> _Exercise requirements_:
Omit the pictures, but give back every entry below exactly as written.

+===+

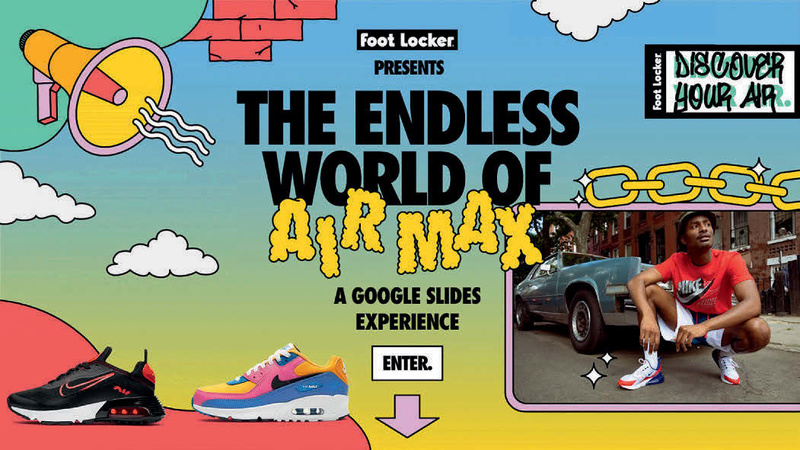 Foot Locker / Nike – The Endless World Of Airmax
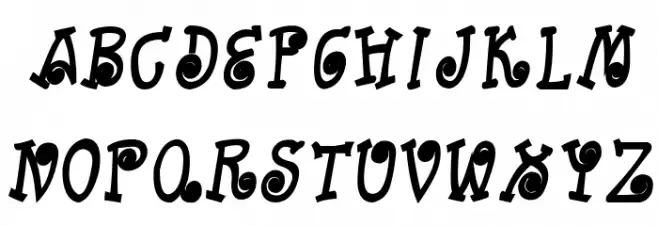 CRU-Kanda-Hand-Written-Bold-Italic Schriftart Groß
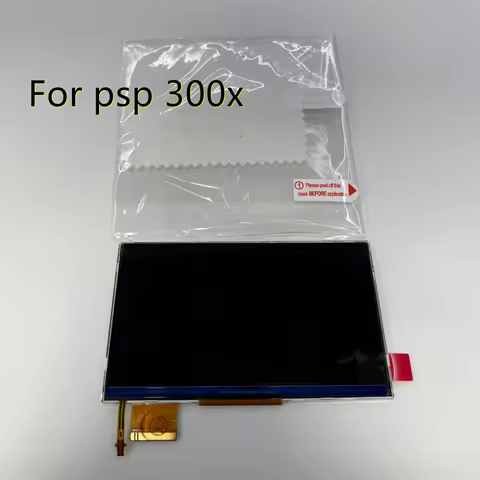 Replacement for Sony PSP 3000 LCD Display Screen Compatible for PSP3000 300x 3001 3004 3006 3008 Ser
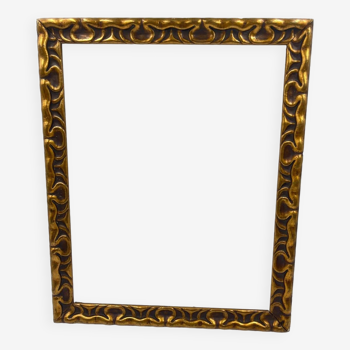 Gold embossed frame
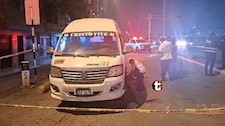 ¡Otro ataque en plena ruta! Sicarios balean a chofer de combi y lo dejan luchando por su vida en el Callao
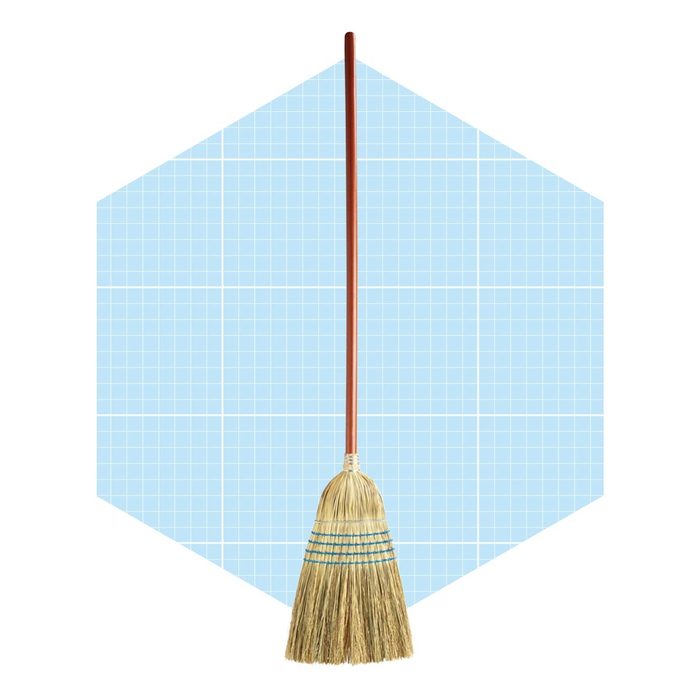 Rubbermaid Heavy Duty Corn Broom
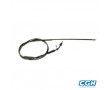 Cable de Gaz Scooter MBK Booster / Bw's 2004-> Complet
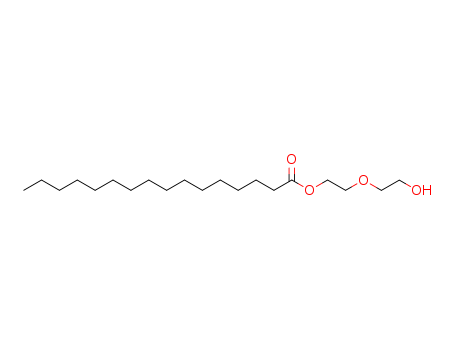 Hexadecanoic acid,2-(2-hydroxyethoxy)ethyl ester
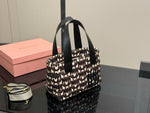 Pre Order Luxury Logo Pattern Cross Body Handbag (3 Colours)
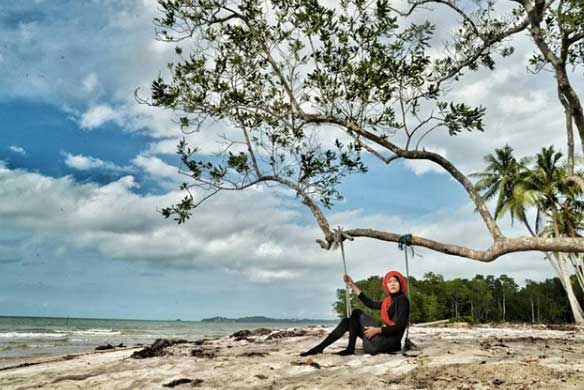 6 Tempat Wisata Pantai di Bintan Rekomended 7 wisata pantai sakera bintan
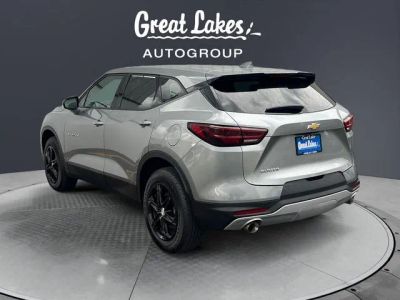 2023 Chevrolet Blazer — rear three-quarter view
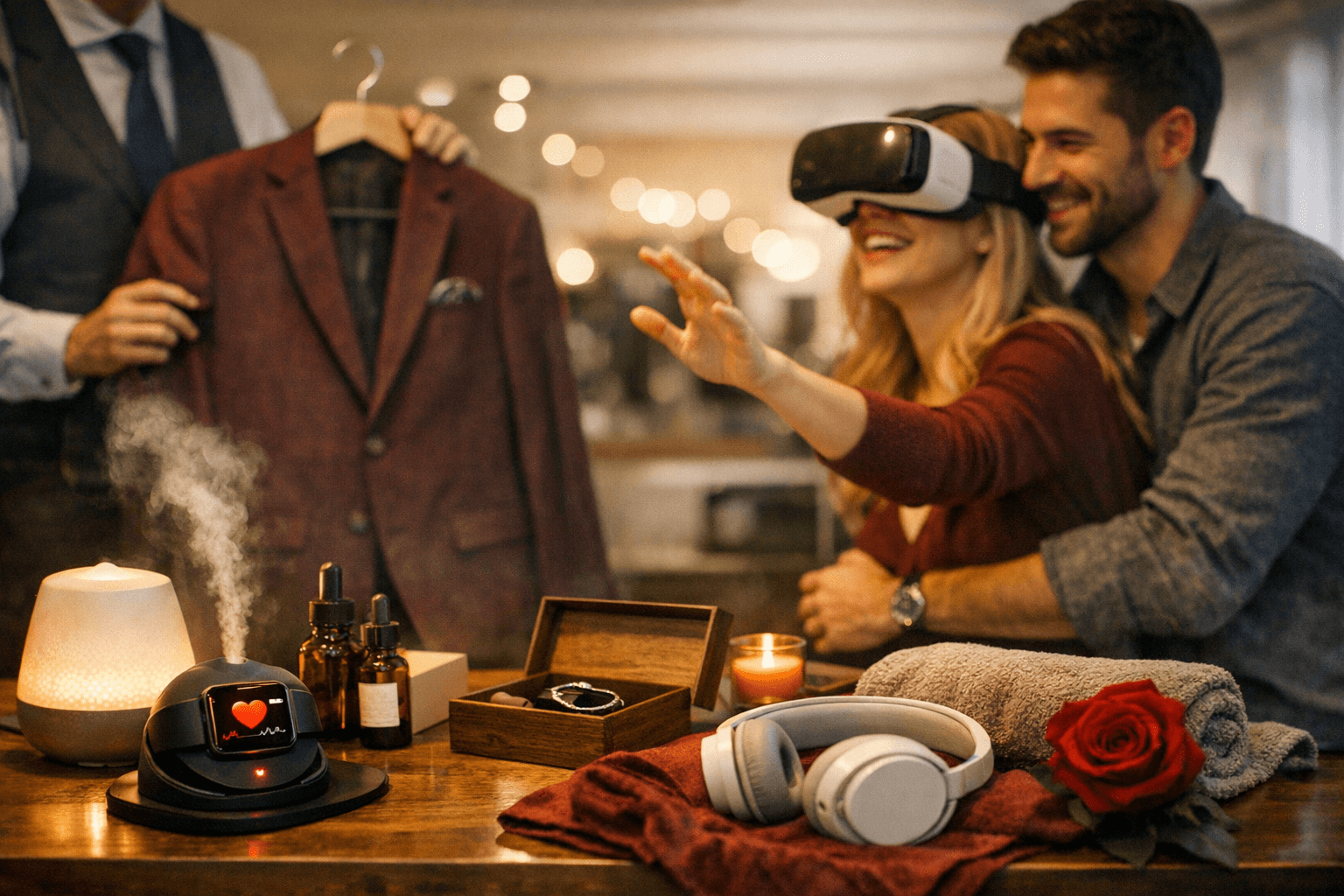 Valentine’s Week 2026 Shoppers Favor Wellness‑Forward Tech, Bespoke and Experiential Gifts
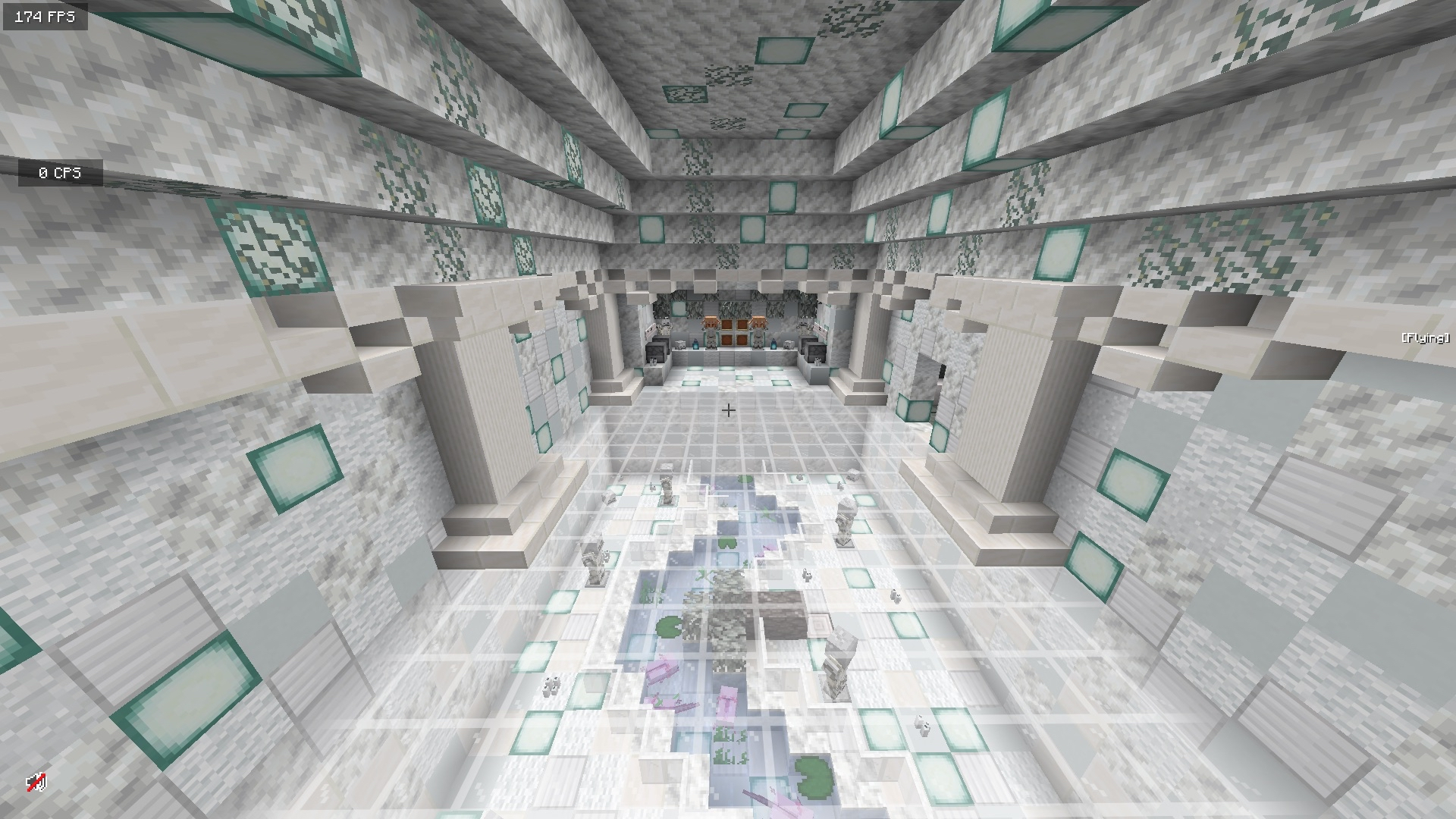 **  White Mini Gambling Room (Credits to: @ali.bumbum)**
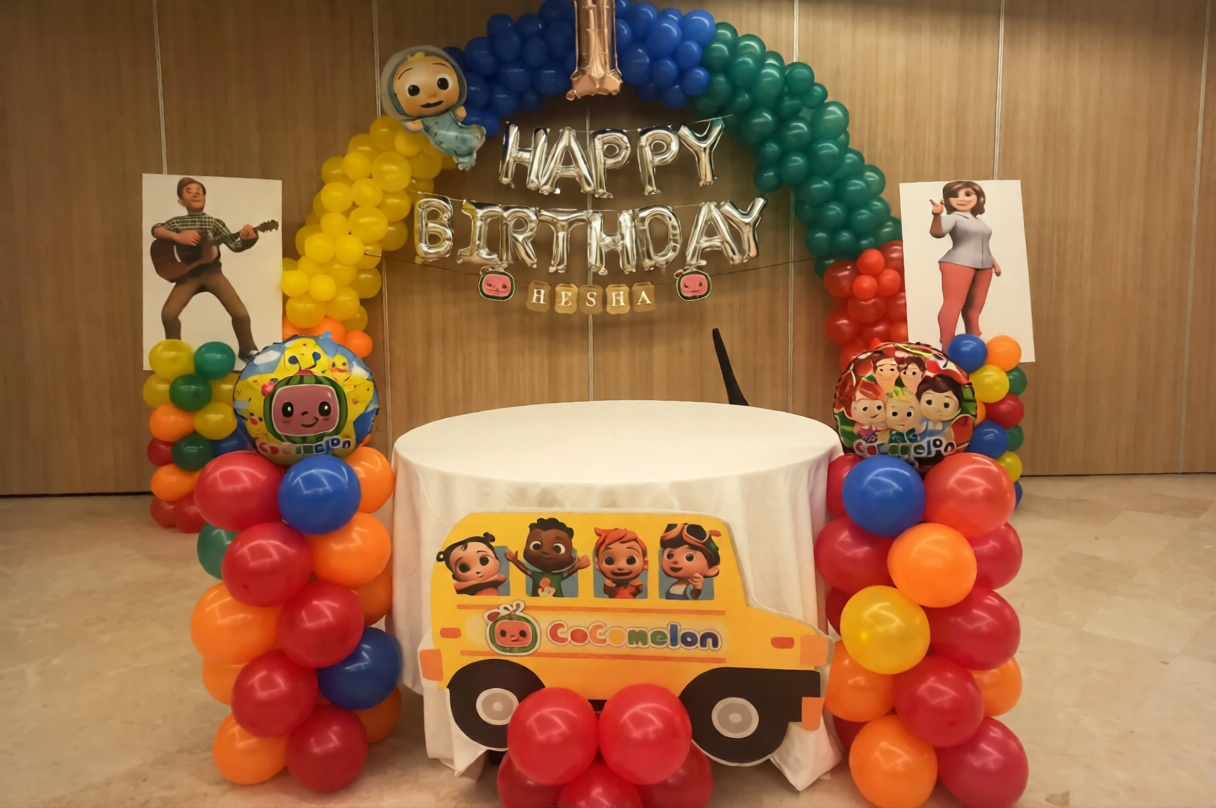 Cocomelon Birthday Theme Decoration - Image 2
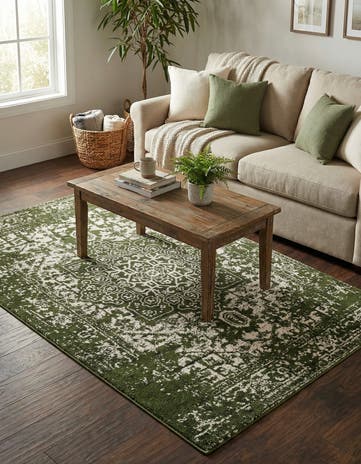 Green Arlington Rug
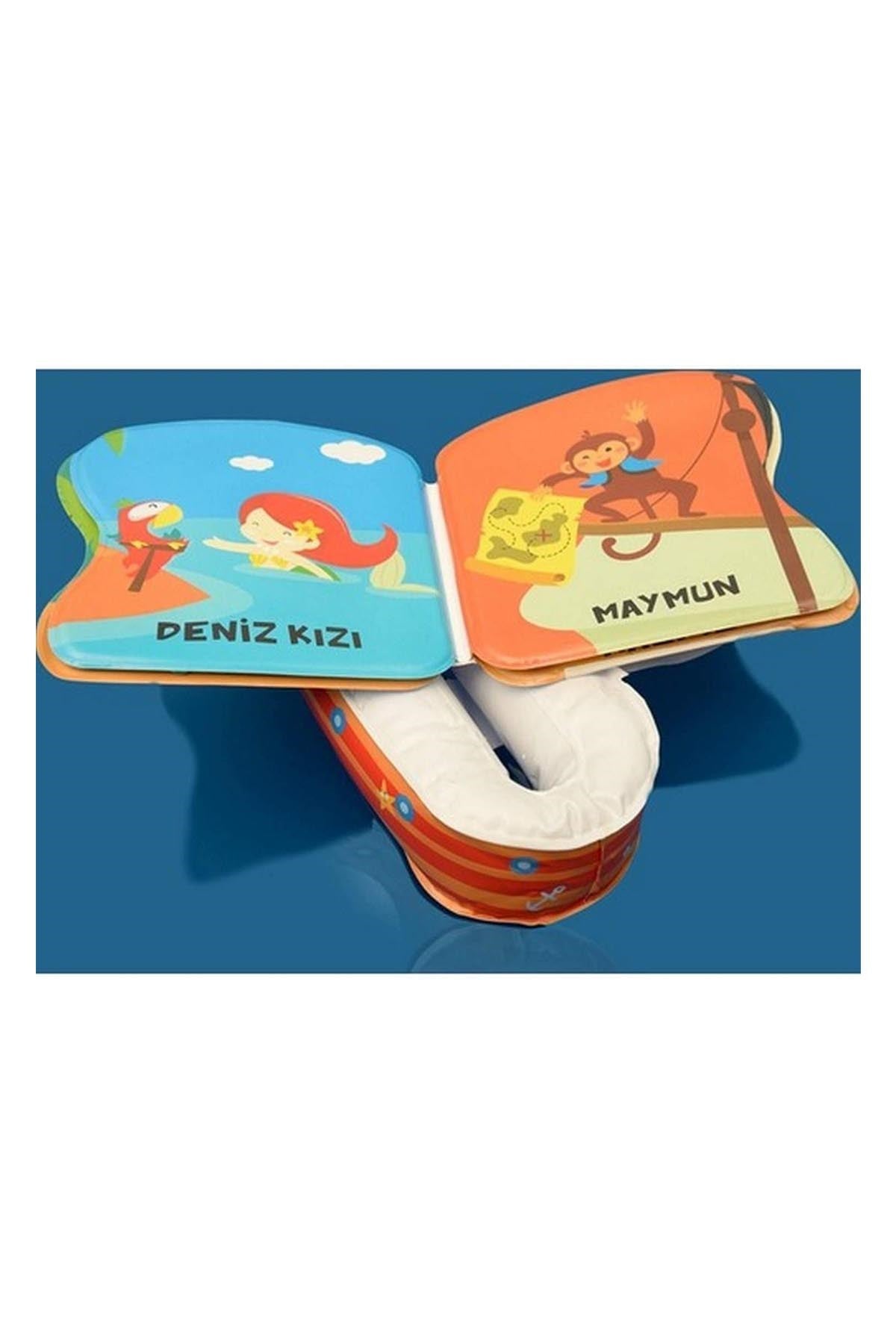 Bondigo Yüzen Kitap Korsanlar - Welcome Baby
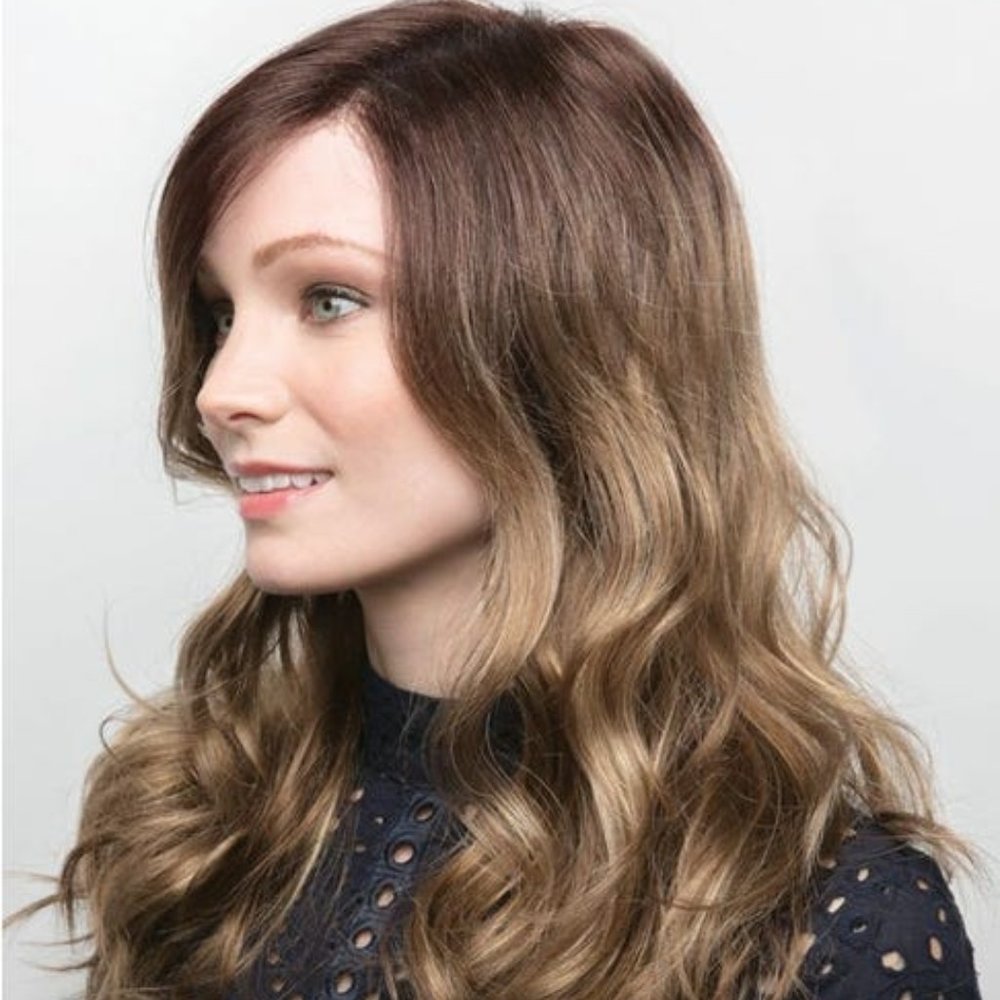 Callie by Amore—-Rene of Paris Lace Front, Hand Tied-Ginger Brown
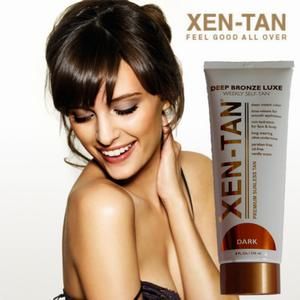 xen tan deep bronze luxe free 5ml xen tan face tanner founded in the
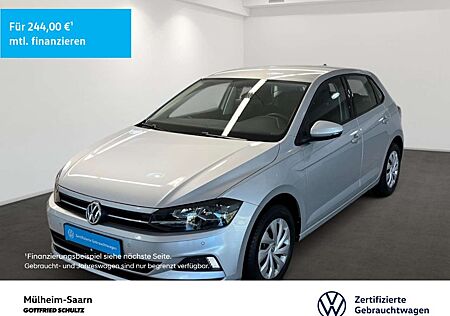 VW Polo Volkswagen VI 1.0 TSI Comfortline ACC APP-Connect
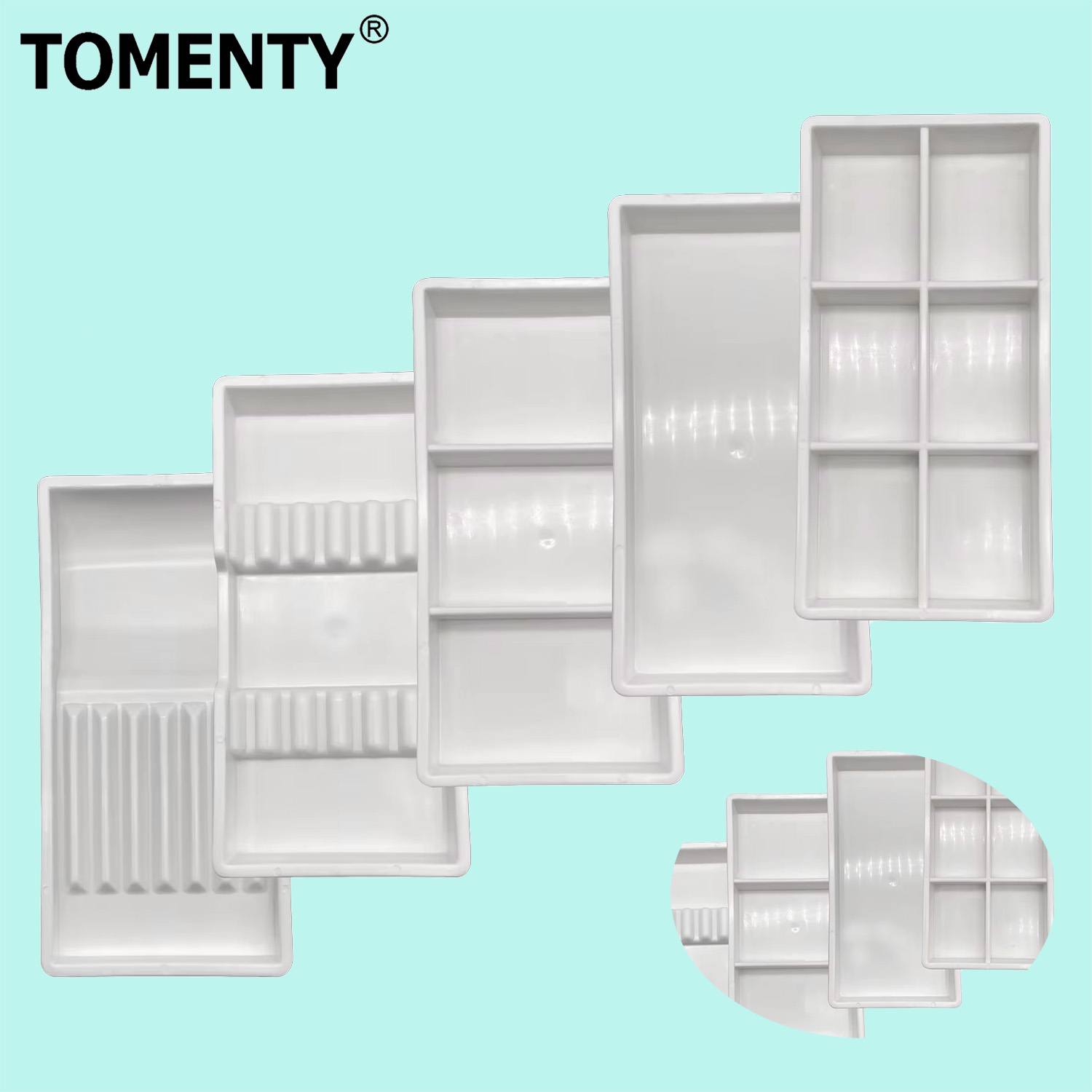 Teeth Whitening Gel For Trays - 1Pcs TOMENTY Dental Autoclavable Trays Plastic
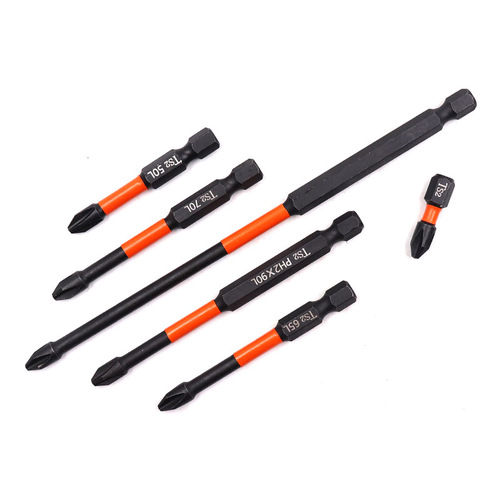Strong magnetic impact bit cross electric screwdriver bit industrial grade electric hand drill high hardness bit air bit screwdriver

+===+

> _Reply_:
 Foot Locker / Nike – The Endless World Of Airmax
 CRU-Kanda-Hand-Written-Bold-Italic Schriftart Groß
 Replacement for Sony PSP 3000 LCD Display Screen Compatible for PSP3000 300x 3001 3004 3006 3008 Ser
 Gold embossed frame
 ¡Otro ataque en plena ruta! Sicarios balean a chofer de combi y lo dejan luchando por su vida en el Callao
 Rubbermaid Heavy Duty Corn Broom
 Cable de Gaz Scooter MBK Booster / Bw's 2004-> Complet
 Hexadecanoic acid,2-(2-hydroxyethoxy)ethyl ester
 Pre Order Luxury Logo Pattern Cross Body Handbag (3 Colours)
 6 Tempat Wisata Pantai di Bintan Rekomended 7 wisata pantai sakera bintan
 2023 Chevrolet Blazer — rear three-quarter view
 Valentine’s Week 2026 Shoppers Favor Wellness‑Forward Tech, Bespoke and Experiential Gifts
 **  White Mini Gambling Room (Credits to: @ali.bumbum)**
 Cocomelon Birthday Theme Decoration - Image 2
 Green Arlington Rug
 Bondigo Yüzen Kitap Korsanlar - Welcome Baby
 Callie by Amore—-Rene of Paris Lace Front, Hand Tied-Ginger Brown
 xen tan deep bronze luxe free 5ml xen tan face tanner founded in the
 VW Polo Volkswagen VI 1.0 TSI Comfortline ACC APP-Connect
 Teeth Whitening Gel For Trays - 1Pcs TOMENTY Dental Autoclavable Trays Plastic
Strong magnetic impact bit cross electric screwdriver bit industrial grade electric hand drill high hardness bit air bit screwdriver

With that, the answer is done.